We first lived together in Los Angeles, where I had moved from London and he still lived with his family. We had little money to buy furniture and we did so in a rush from second-hand emporia. Only the bed was something we bought with enthusiasm - a gigantic metal four-poster that could comfortably sleep three and which I could now never part with. We moved from one apartment to the next, and then across the country to Brooklyn, accumulating furniture and trappings from other people's castoffs and IKEA.

While we deferred to each other on individual items, never once did we stop to ask ourselves or each other what style we wanted or what for each of us truly made a home. And so our surroundings were a compromise, where neither of us was uncomfortable but neither, I believe was truly happy. Then we came to London. I had kept a house here while I was away and was returning home, but, apart from one previous visit, it was new to him. In various ways I tried to make the house equally his, but no matter what I did, it always felt to him like my home and not his and he could not explain to me what needed to be changed.

The weekend party was another difference between us. I enjoy drinking and meeting people but by one o'clock it's time for everyone to go home. But one o'clock sees him at his peak; it's time to stop talking and have fun, get out the electronic dance mat and see who can best follow the movements on the screen. Or pile onto the bed for the group photograph. Or play practical jokes or whatever comes to mind.

We see friendships differently as well. While he spends much of every weekend with the same group of friends, I prefer to see more people for less time and and am happy to spend time alone. My friendships also feel less aggressive than the ones I see him in, where affection is masked in constant swearing and insults. ("You've got it wrong," I can hear him say. Probably, but in such matters perception is as real as reality.)

When we lived together we did not see these issues.

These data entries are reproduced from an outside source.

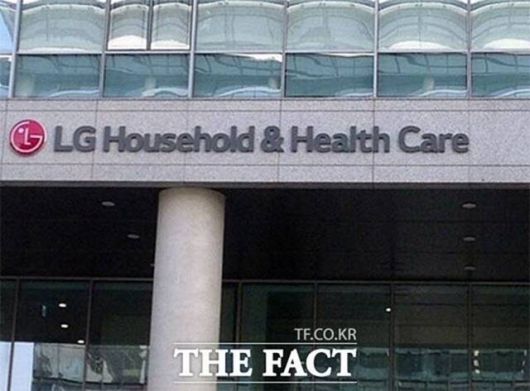 LG그룹에서 가장 많은 금액을 기부한 계열사인 LG생활건강은 올해 3분기까지 누적 영업이익이 전년 동기 대비 25.8% 줄었지만, 기부금은 30.1% 늘렸다. /더팩트 DB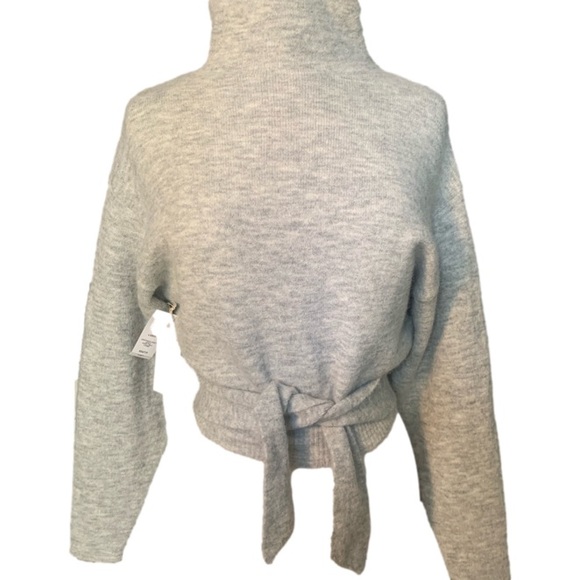 BNWT- Wilfred Lorin Sweater- Fits a Small - Picture 3 of 7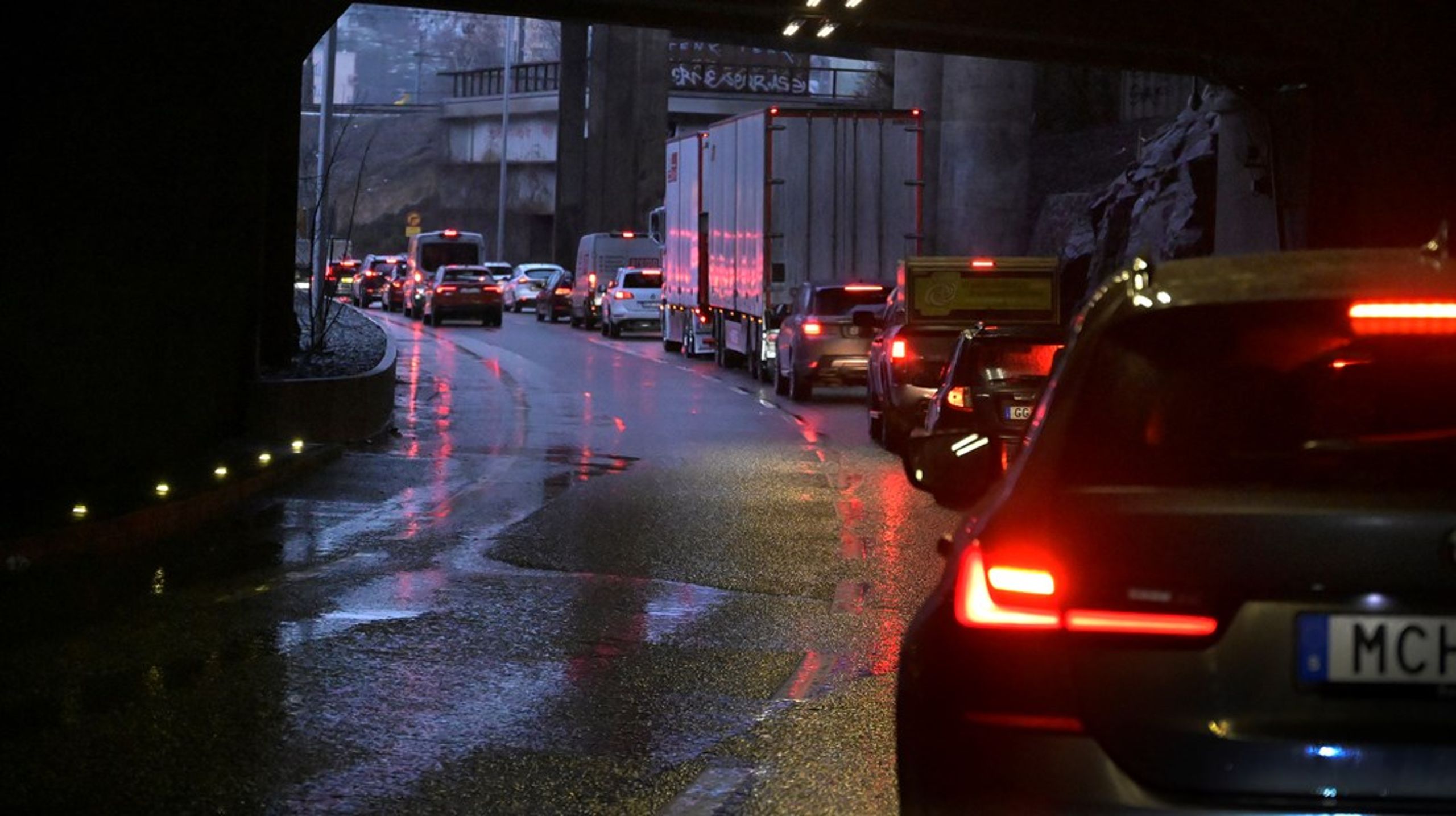Vägtrafiken har visat sig vara den största lokala källan till luftföroreningar, skriver debattören.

It did not occur to us to question our friendships and social life, to see what could be shared and what was best lived apart. We talked, but not enough, and perhaps I talked too much and did not listen as well as I could. When we went through rough patches, it was never clear what was going wrong and whether we could salvage it.

If we stayed together so long, it was because much else bound us. Sexual attraction, of course. Overlapping, rather than similar, tastes in humour, film and the theatre. A love for the open air and hiking. An ability, when all was going well, to relax in each other's company. The warmth of sleeping in each other's arms. Above all the fact that we were never less than honest with each other, that even when furthest apart physically and emotionally, each saw in the other someone he could always trust and love.

As I said, we will not be getting back together again. Sharing a house as we have sometimes done over the last few months reminds each of us how irritating the other can be. We're both too set in our ways to change and each of us has only a few of the qualities that the other looks for in a partner . But that doesn't matter. The worst is over. We have the next fifty years to enjoy our friendship.